Results update as you type.

Refinance Calculator

The refinance calculator is the broad comparison tool in this group: it looks at the current loan you are replacing, the new loan you are considering, the costs of the transaction, and any cash in or cash out. It is different from the refinance break-even calculator, which isolates months to recover closing costs, and different from the cash-out refinance calculator, which starts with home value and loan-to-value limits. Use this page when you want a full fixed-loan side-by-side: payment change, new principal, estimated interest, and total payment difference.

What the calculator does

The form asks for the current loan balance, current APR, and months remaining so it can reconstruct the monthly payment needed to amortize the debt you already have. It then asks for the new APR, new loan term, refinance costs, cash out or cash in, and whether the costs are financed. Those fields create the replacement loan amount. A positive cash number adds new debt because you receive money at closing. A negative cash number reduces the new principal because you bring cash to the refinance.

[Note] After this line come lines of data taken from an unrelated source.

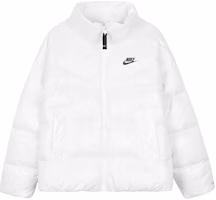 (Women) Nike Sportswear Therma-FIT City Series White Logo Puffer Jacket. DV0555-100 (Women) Nike Sportswear Therma-FIT City Series White Logo Puffer Jacket. DV0555-100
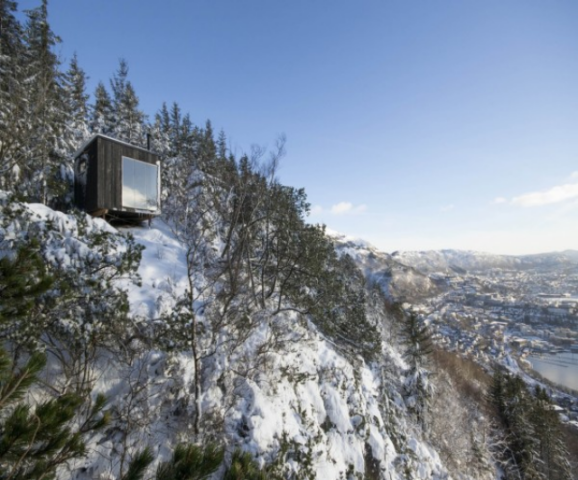 Домик-отель над Бергеном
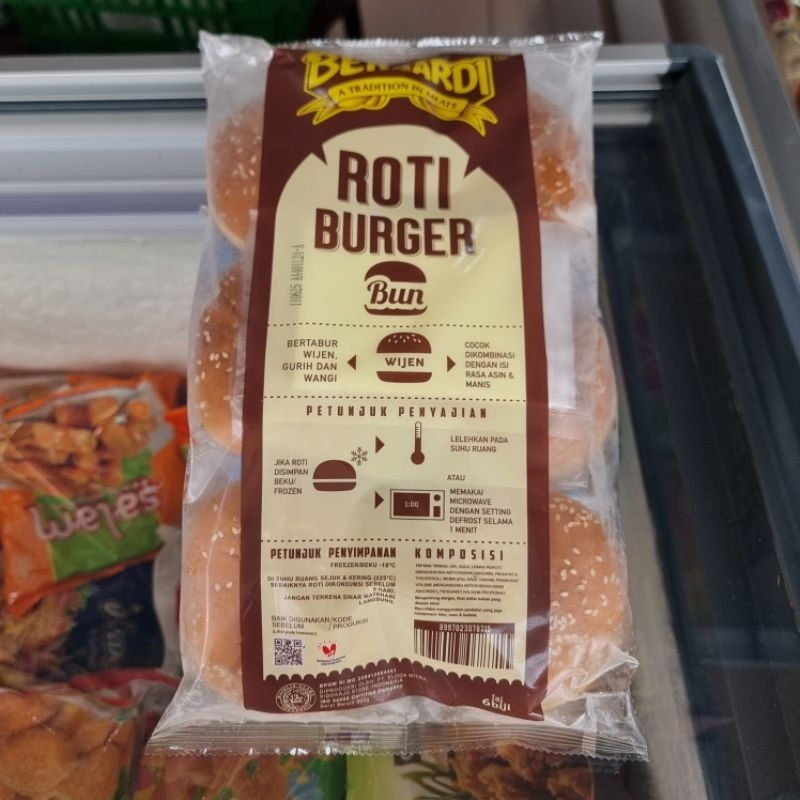 

Bernardi Roti Burger Bun isi 6pcs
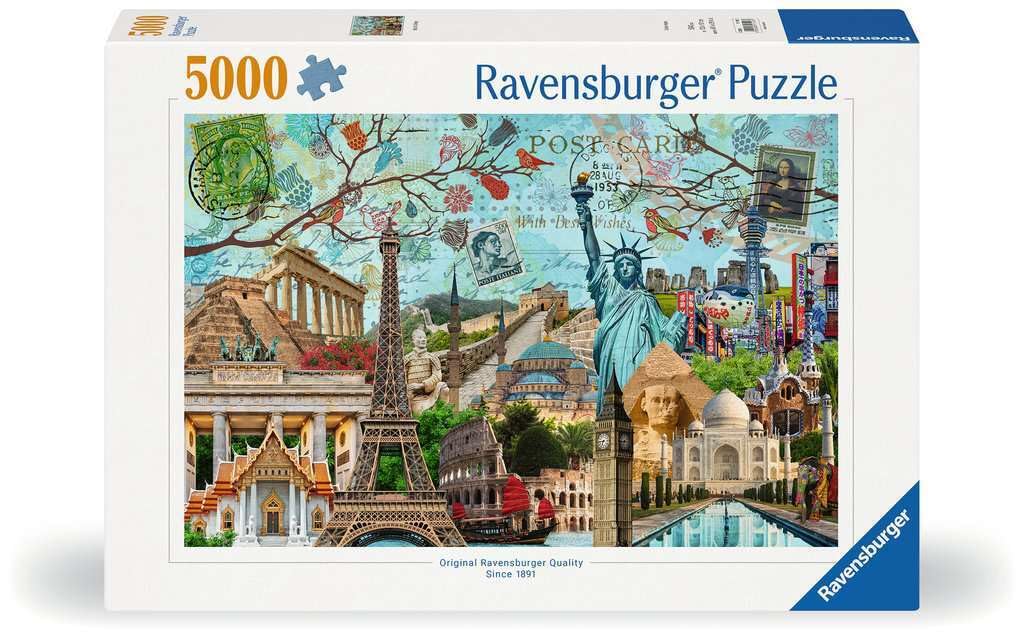 Ravensburger Big City Collage Jigsaw Puzzle - 5000 Piece Challenge | Handcrafted Tooling | Durable Blueboard | Perfect Interlocking Fit | Ideal for Adult Puzzlers Ravensburger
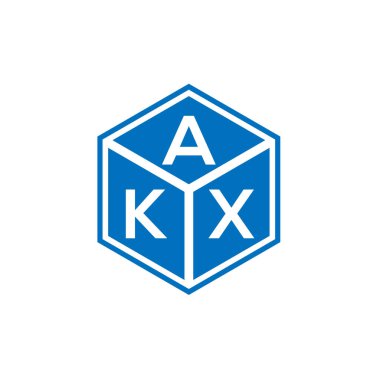 Siyah arkaplanda AKX harf logosu tasarımı. AKX yaratıcı harflerin baş harfleri logo kavramı. AKX harf tasarımı.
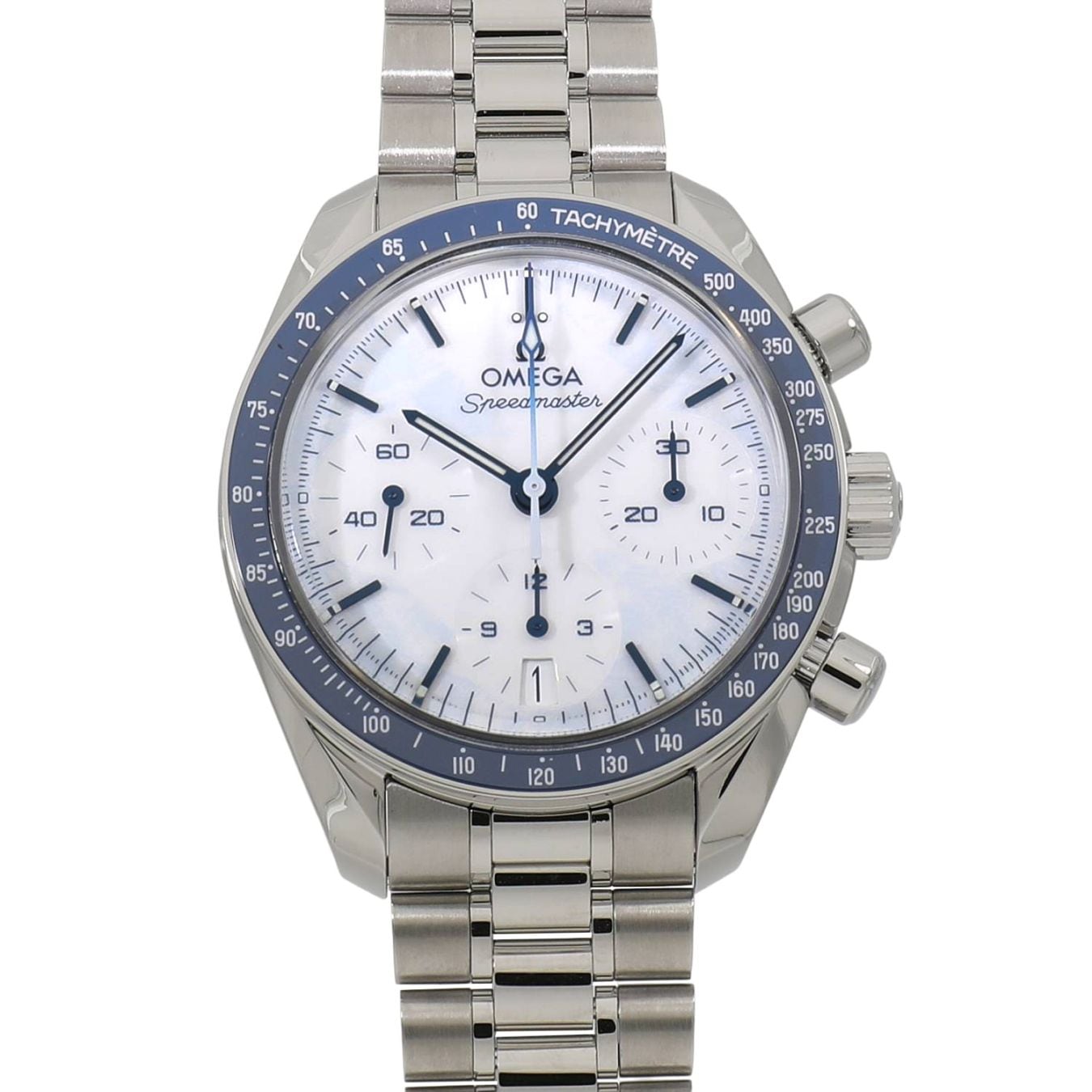 [未使用]オメガ スピードマスター ミラノ・コルティナ 2026 522.30.38.50.04.001 ホワイト メンズ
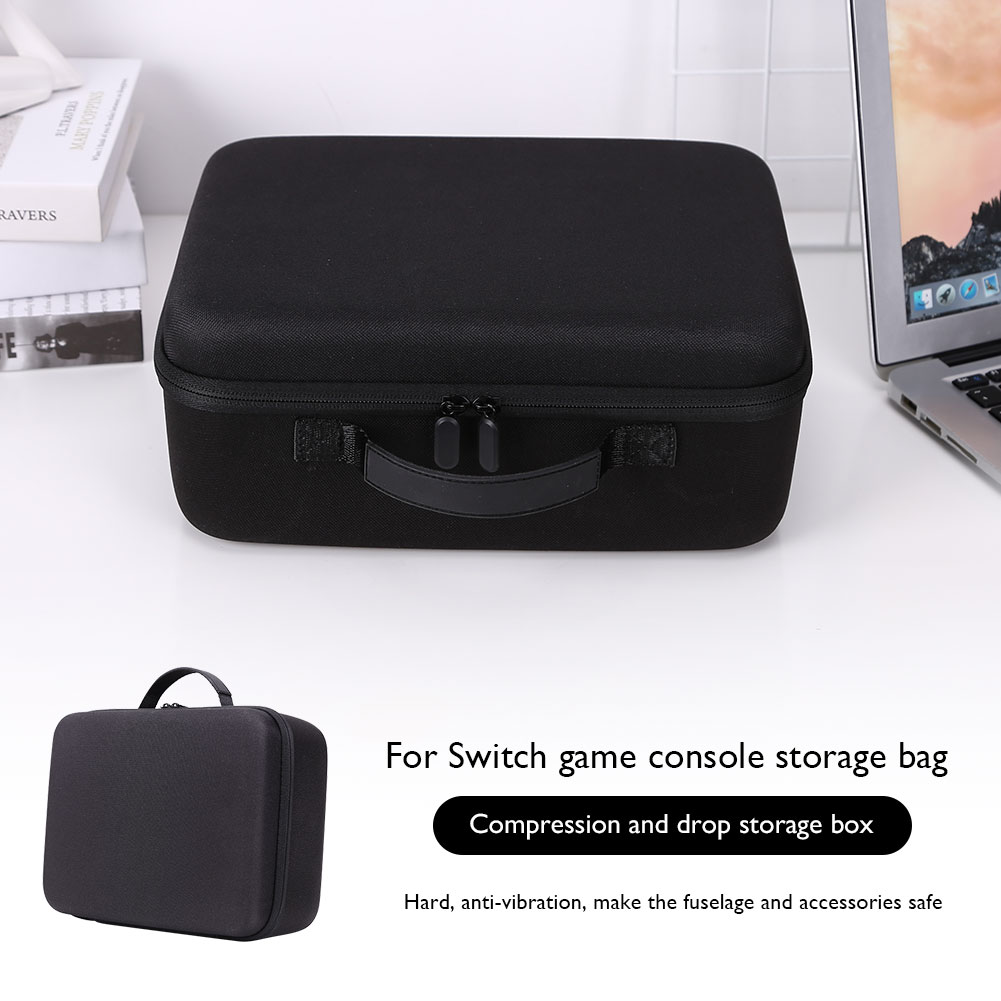 1PC borsa portaoggetti portatile custodia rigida in EVA morbida per Nintendo Switch NS custodia per Console di gioco con fessure per maniglie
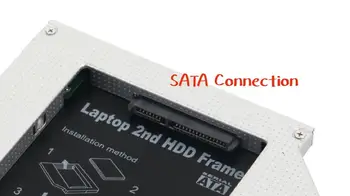 IDE-SATA 2-й Второй HDD SSD Жесткий диск Оптический Caddy Рамка Корпус Кронштейн для HP Compaq 6910P NC6220 NC6230 NC2400 NC6400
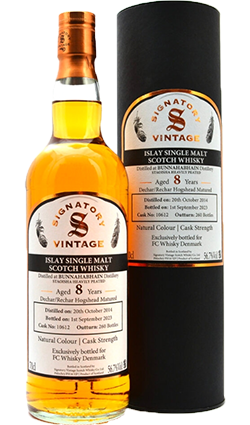 Bunnahabhain 'Signatory Vintage' 8YO 2014 / 2023 56.1% 700ml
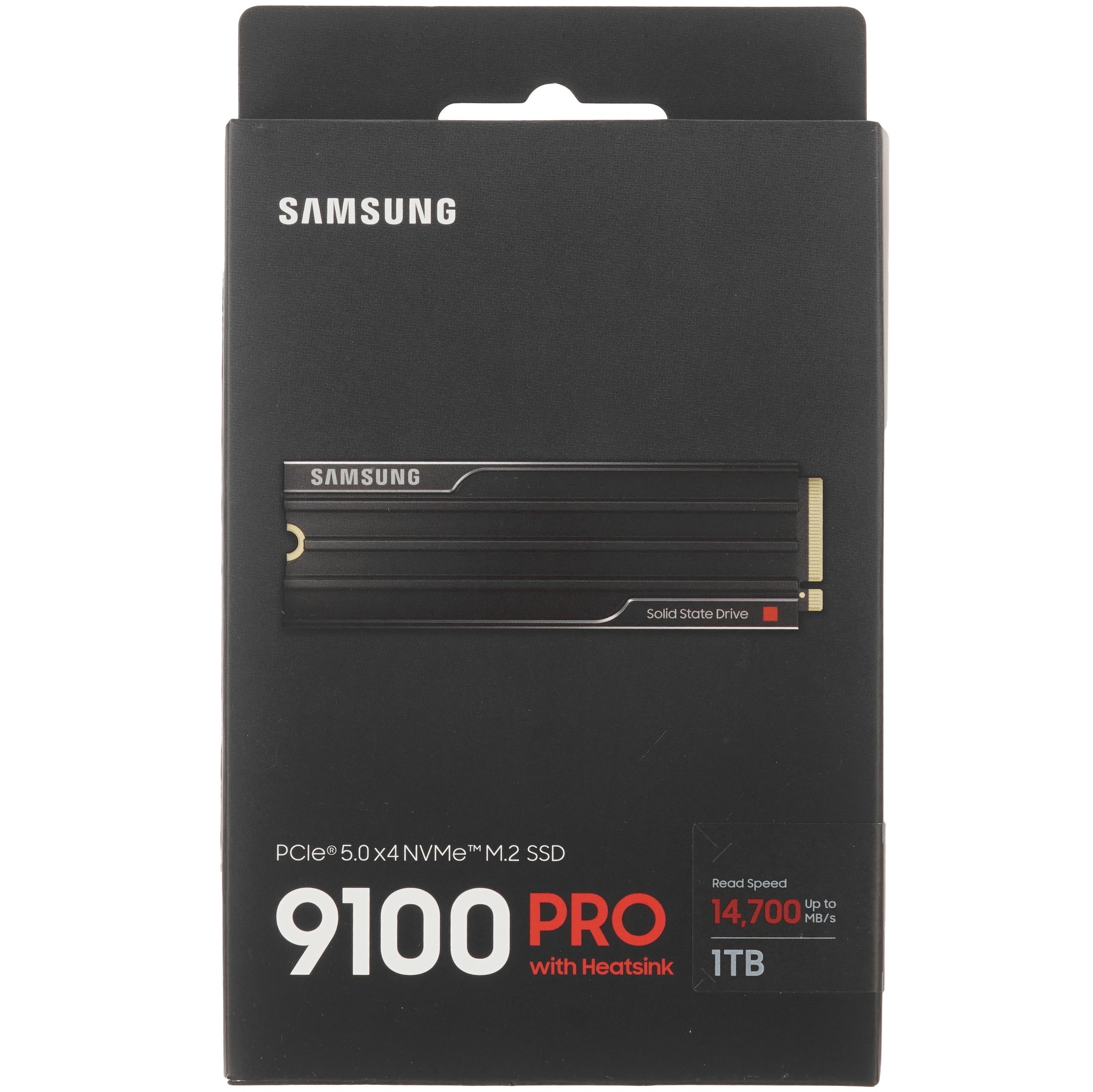 Твердотельный диск 1TB Samsung 9100 PRO, M.2, PCI-E 5.0 x4, TLC 3D NAND [R/W - 14800/13400 MB/s] с р
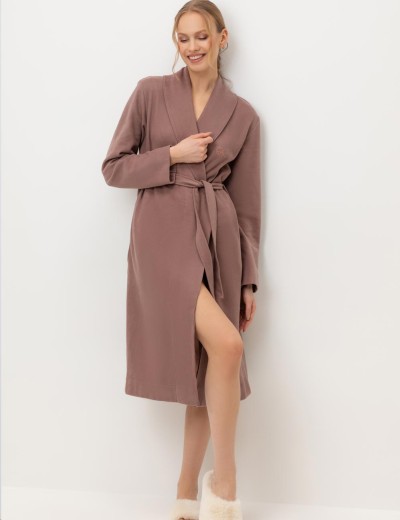 Халат банный Very Neat ПУДЕЛЬ Е50029 капучино, Цвет: капучино, Размеры: 2XL, изображение 3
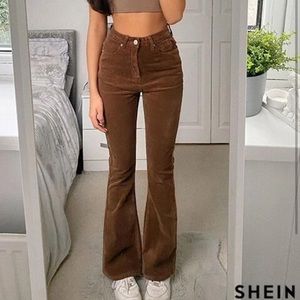 SOLD ❌❌❌brown corduroy jeans SHEIN🤎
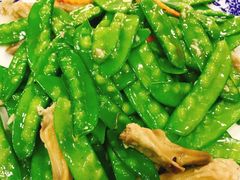荷兰豆炒鸭舌-广迎居老正兴菜馆
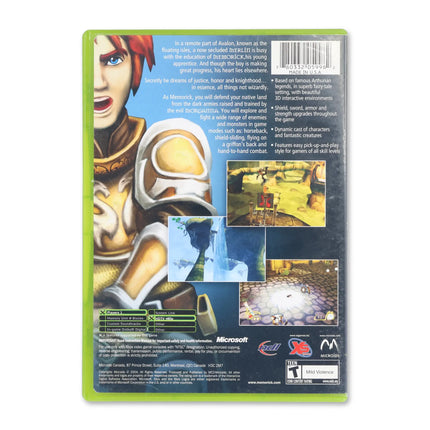 Knight's Apprentice Memorick's Adventures for Microsoft Xbox - Case back cover - Product gallery.
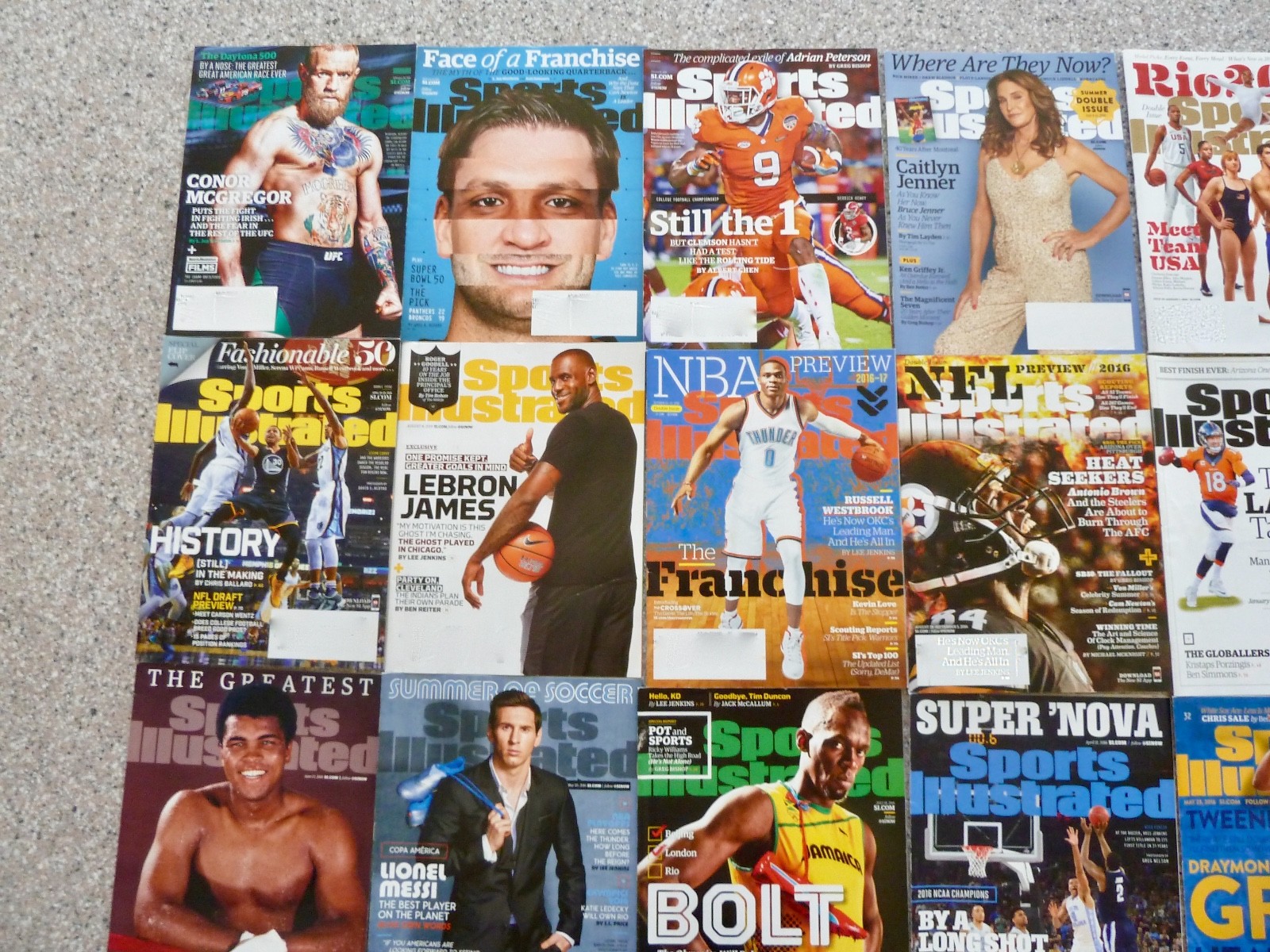 Lot of 18 Sports Illustated Magazines 2016 Issues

This design fits a mortgage refinance, vehicle refinance, or other installment loan, but it is not a rate quote. It assumes fixed payments, constant rates, and no prepayment penalty. For home loans, compare the estimate with official closing disclosures and with the mortgage refinance calculator. For vehicle debt, the car refinance calculator is more specific. If the refinance changes your whole monthly budget, use the budget calculator before accepting a lower payment that extends debt.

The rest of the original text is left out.